Леопольд не знал, что и думать – может, он все-таки ошибся в импресарио?
– Вы утверждали, что мальчик может написать оперу, и он действительно ее написал.
– И что же дальше, ваше сиятельство?
– Пусть он перепишет эти две новые арии, тогда, быть может, мы поставим оперу к возвращению императора из Венгрии в следующем месяце.
– Благодарю вас.
– Хочу, однако, предупредить вас, Моцарт, многие поговаривают, будто большая часть музыки написана вами. – Не успел Леопольд с возмущением отвергнуть эту клевету, как Афлиджио добавил: – Кроме того, тесситура арий все еще слишком высока и музыка чересчур немецкая по духу. – И с этими словами он выпроводил Моцартов из театра.
24
В Вене заговорили, что Афлиджио распределяет между певцами роли для постановки «Доброй дочки» Пиччинни; ходили упорные слухи, будто «Мнимая простушка» Моцарта постановки не увидит, потому что певцы отказываются петь в опере, находя музыку слишком немецкой; поговаривали также, что мальчик не знает достаточно итальянского и не имеет никакого представления ни о построении мелодии, ни о форме. Когда эти слухи дошли до Леопольда, он понял: настало время действовать, Он хотел было обратиться к императору, но Иосиф все еще находился в Венгрии; подумывал, не прибегнуть ли к защите Марии Терезии, но его предупредили, что она отнесет недовольство поведением Афлиджио в адрес сына, а следовательно, и в свой собственный.
Желая как-то опровергнуть ложные слухи, Леопольд договорился об устройстве музыкального вечера в доме вновь приобретенного горячего поклонника Вольфганга – барона Готфрида ван Свитена. Ни один человек в Вене не откажется от приглашения барона. Отец Готфрида, Герхард ван Свитен, выразил согласие присутствовать на концерте, а этот известный доктор пользовался расположением Марии Терезии, и она с уважением относилась к его мнению, что было ей также не свойственно.

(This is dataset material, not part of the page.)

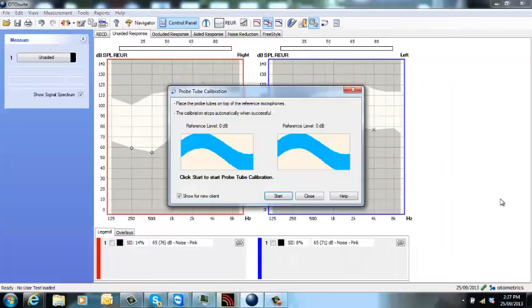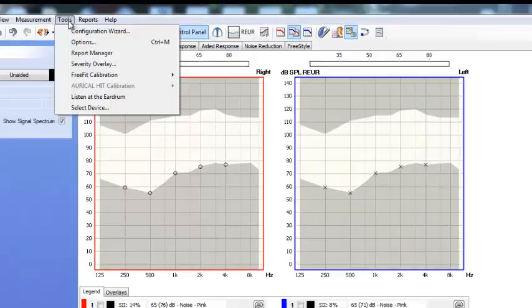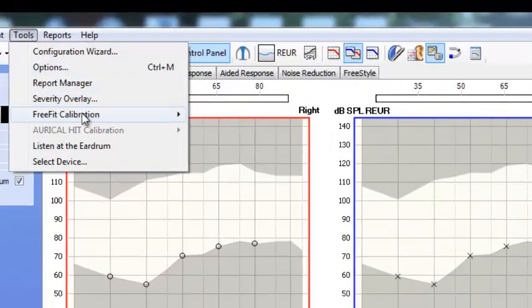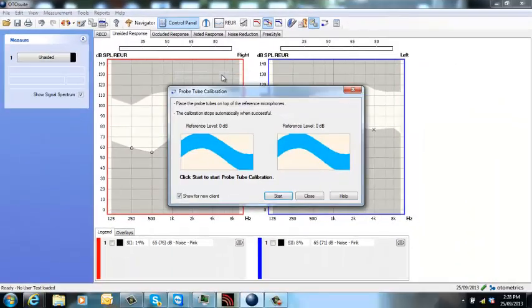Once connected, your probe tube calibration box should pop up. If it doesn't, what you need to do is go to Tools, FreeFit calibration, and probe tube. Now you can press start in the software or you can press the power button on the FreeFit to run the probe tube calibration.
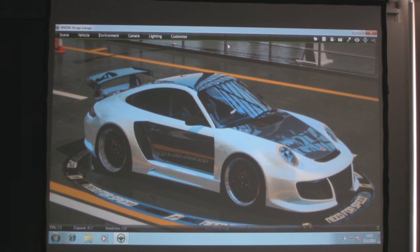In my view, as I said, in a couple of years we will completely move in this direction. This is just a technology demo, but it's really amazing what you can do with today's cards.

Вольфганг, совершенно подавленный поведением Афлиджио, оживился, узнав, что концерт состоится в доме Готфрида ван Свитена. Мальчику нравился тридцатилетний барон, похожий на своего отца крупными волевыми чертами лица, нравились его энергичные манеры и сердечное отношение к людям. Внушала Вольфгангу уважение и любовь ван Свитена к музыке. Барон умел играть на клавесине и на скрипке, изучал историю и теорию музыки и сам сочинил несколько песен и сонат. Очень скоро Вольфганг и ван Свитен подружились и завели моду отвечать друг другу на разных языках – оба, помимо немецкого, говорили на итальянском и французском и знали немного латынь и английский, кроме того, оба нередко объяснялись загадками и недомолвками. Они могли с величайшей серьезностью обсуждать творчество только что умершего Телемана и тут же переключиться на шутливый разговор о примадоннах с голосами, напоминающими визг пилы, и о премьерах-кастратах, которые обязательно икали на высоких нотах, и о маэстро, дирижировавших оперой словно в полусне.